It's unclear to me, given the phrase "attempt to reach orbit", if you mean discard the upper stage or separate it as usual. As Jörg W Mittag points out in comments, the upper stage and its payload are the important part; in the event of a multi-engine failure it would be preferable to burn all the first stage's fuel to get the second stage as high and fast as possible, and sacrifice the first stage.

My main concerns with this scenario are that the F9 isn't programmed to activate the center engine and two other random engines across from each other instead of preset engines

Programming isn't the issue, it's the TEA-TEB igniter fluid used by the engines. Each engine start requires a "dose" of that stuff to be carried, and I believe that only the designated boost-back and landing engines carry the fluid for restarts -- the TEA-TEB used for the initial liftoff comes from a ground equipment source. I don't know if it would be a significant weight/complexity hit to carry TEA-TEB for the other engines.

And that the booster will have more fuel that it normally would during a typical landing sequence.
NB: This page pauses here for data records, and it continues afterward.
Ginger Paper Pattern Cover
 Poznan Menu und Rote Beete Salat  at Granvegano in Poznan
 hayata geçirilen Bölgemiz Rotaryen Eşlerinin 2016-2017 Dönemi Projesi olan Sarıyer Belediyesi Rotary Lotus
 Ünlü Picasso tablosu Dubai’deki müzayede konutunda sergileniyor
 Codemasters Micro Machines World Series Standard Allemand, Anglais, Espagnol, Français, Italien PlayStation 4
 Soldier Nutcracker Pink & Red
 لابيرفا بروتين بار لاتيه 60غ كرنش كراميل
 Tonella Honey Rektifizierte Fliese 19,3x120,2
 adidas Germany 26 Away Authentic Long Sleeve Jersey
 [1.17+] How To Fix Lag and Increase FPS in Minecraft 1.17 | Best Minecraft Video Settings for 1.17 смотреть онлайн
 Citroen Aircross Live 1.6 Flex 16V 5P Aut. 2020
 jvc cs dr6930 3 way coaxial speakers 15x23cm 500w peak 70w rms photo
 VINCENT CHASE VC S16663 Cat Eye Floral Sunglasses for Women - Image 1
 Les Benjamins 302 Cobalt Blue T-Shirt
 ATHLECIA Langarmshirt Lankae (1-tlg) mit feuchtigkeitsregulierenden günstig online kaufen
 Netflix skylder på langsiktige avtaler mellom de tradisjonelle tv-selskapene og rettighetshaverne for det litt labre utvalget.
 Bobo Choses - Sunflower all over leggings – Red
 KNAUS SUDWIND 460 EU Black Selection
This won't be a concern. The fuel tankage is shared among all the engines. The mitigation for engine failure on a multi-engine first stage is to keep whatever engines remain running at full throttle and use all the fuel in the hope of getting the second stage up. This maintains as much of the already-earned vertical speed as possible; even if the rocket is briefly under 1:1 thrust-to-weight ratio when engines fail, the weight is dropping quickly as fuel is consumed. Unless a lot of engines fail very early on, you'll still be climbing the whole way.

The recent Astra 0006 failure illustrated this dramatically; it lost one of five engines almost immediately on launch. It hovered just off the pad, and sideslipped for several seconds (away from the launch tower, fortunately), then finally started to climb as it lost fuel mass.